Seeking for advise on usage MySQL together with MongoDB

149 views
Skip to first unread message

Artie

unread,
Dec 5, 2014, 12:56:57 PM12/5/14
to django...@googlegroups.com
Good day, Community,

I'm looking for advise on MySQL & MongoDB usage so please let me take your time to describe the situation.

I came to work on e-commerce shop of electrical components with about 10 millions of products. Now all of it stored in awful structure of tables in MySQL. Products stored in 10 small tables, each of them represents individual manufacturer of products and 1 generalized table, where all 10 millions of goods is stored. Those big table serves Sphinx search to implement search on site.
All these products being crawled from several APIs and sites on web, so this shop is kind of authorized reseller in our region.

The case is that we have to update all products daily and  parsing with updating of products takes very long time.

I have an idea to start using MongoDB to update and store products and as I think it might take less time than same in MySQL. First question: Am I correct with this statement?

Browsing web I've found that some recommend using pymongo, avoiding django rather than mongodb for django. So for your opinion is this statement correct?

Also it will be highly highly appreciated if you can share your personal use experience with MongoDB and any information you think be useful.

Thank you in advance

Russell Keith-Magee

unread,
Dec 6, 2014, 12:27:18 AM12/6/14
to Django Users
Hi Artie,

Can I make an alternate suggestion? Get a real database.

In all honesty, I've never heard anyone in the Django community express a deep love of MySQL or MongoDB. I know people who use MySQL, but when they admit that, they say "Yeah, I know, but the customer required it" or "Yeah, I know, but at the time we started it was the only thing Amazon supported". As for MongoDB, the sentiment is usually "... and that was our first mistake.".

Personally - I have very little time for MySQL. It gets a number of key design decisions wrong (for example, InnoDB's implementation of row referential integrity is *demonstrably* incorrect). It has some default behaviours that beggar belief (e.g., on MyISAM, by default, a row with a "WHERE field IS NULL" clause that matches no results, and the previous statement was an insert, the query will not return no results, but the primary key of the last row inserted. By design [1][2]).

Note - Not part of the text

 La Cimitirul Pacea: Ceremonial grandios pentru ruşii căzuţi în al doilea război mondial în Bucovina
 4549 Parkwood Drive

And MySQL's usage of indexes is woefully naïve - to the point where "performance optimising for MySQL" often means "Roll out the results of an inner query and pass them in as arguments, rather than just using a subquery".


And then you have MongoDB - a database that exists, as far as I can make out, to overcome the deficiencies in MySQL. If you'd just started with a real database, you wouldn't have hit the problems with MySQL, and you wouldn't have to go looking for an exotic solution to overcome those problems.

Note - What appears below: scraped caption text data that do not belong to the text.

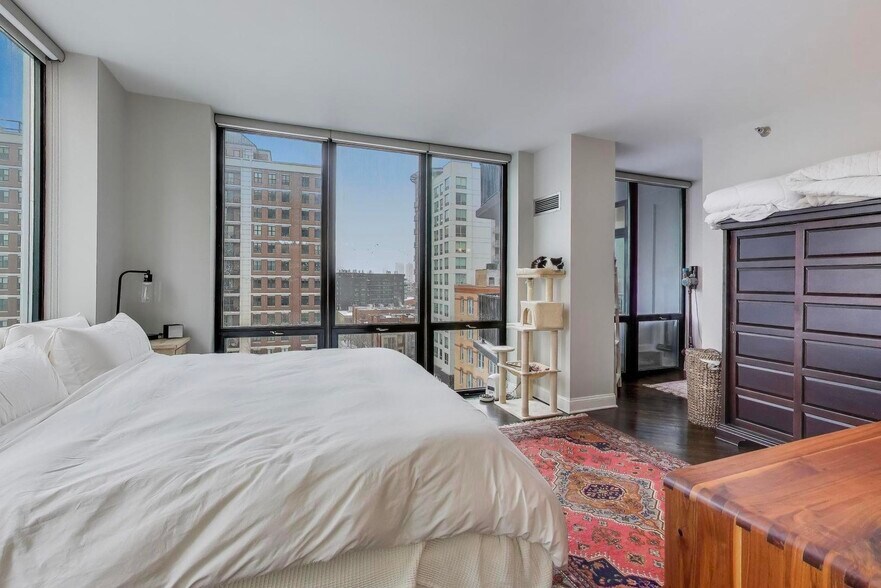 Building Photo - 435 W Erie St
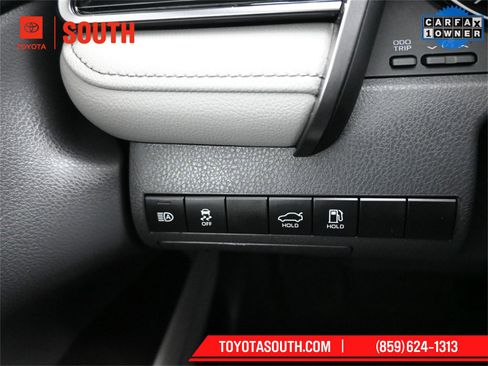 Used 2023 Toyota Camry SE image 21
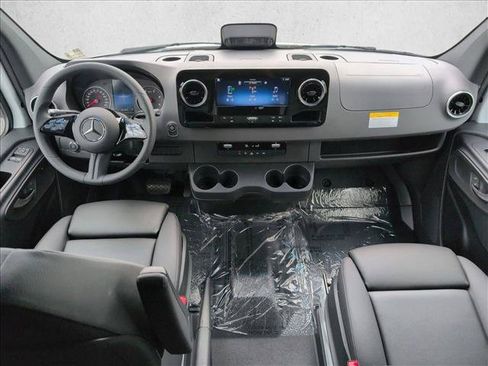 New 2026 Mercedes-Benz Sprinter 2500 image 15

If you're looking for performance, you're going to get much better performance out of PostgreSQL, for the same price you paid for MySQL, with the added benefit that PostgreSQL developers appear to have actually consulted the SQL specification when they implemented their database. They also have a query planner that will actually *use* indexes, instead of just keeping them for decoration like MySQL does.

If you're looking for a "schemaless" data store - well, PostgreSQL hstore fields [3] have you covered. To the extent that people have actually developed "MongoDB in PostgreSQL" [4]. And those stores outperform MongoDB [5].

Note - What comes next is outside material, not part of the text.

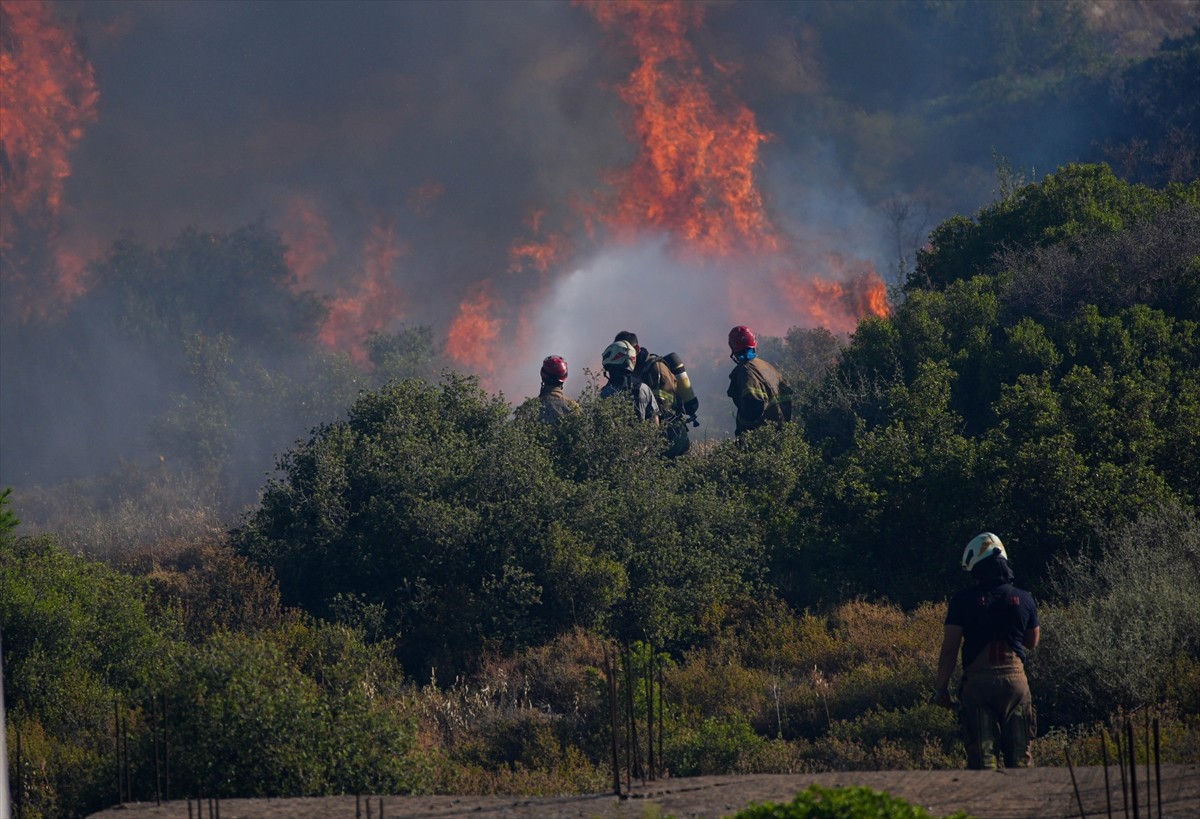 İzmir'in Çeşme ilçesinde çıkan orman yangınına ekiplerin havadan ve karadan müdahalesi devam...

So - in all honesty, I'd start by reconsidering your initial assumptions. 

Yours,
Russ Magee %-)

Collin Anderson

unread,
Dec 6, 2014, 6:45:36 PM12/6/14
to django...@googlegroups.com
Hi,

What do you mean by "parsing with updating of products"?

I'd personally store everything in authoritatively in that 1 generalized table and get rid of the 10 smaller tables. Have a "manufacturer" CharField or ForeignKey to determine what fields are available and other custom logic. As you mention, the one table is very helpful for search especially. You don't need to copy data between tables.

But I totally agree with Russ:
If performance is your goal, check out PostgreSQL.
If schema-less is what you are hoping for, try PostgreSQL hstore.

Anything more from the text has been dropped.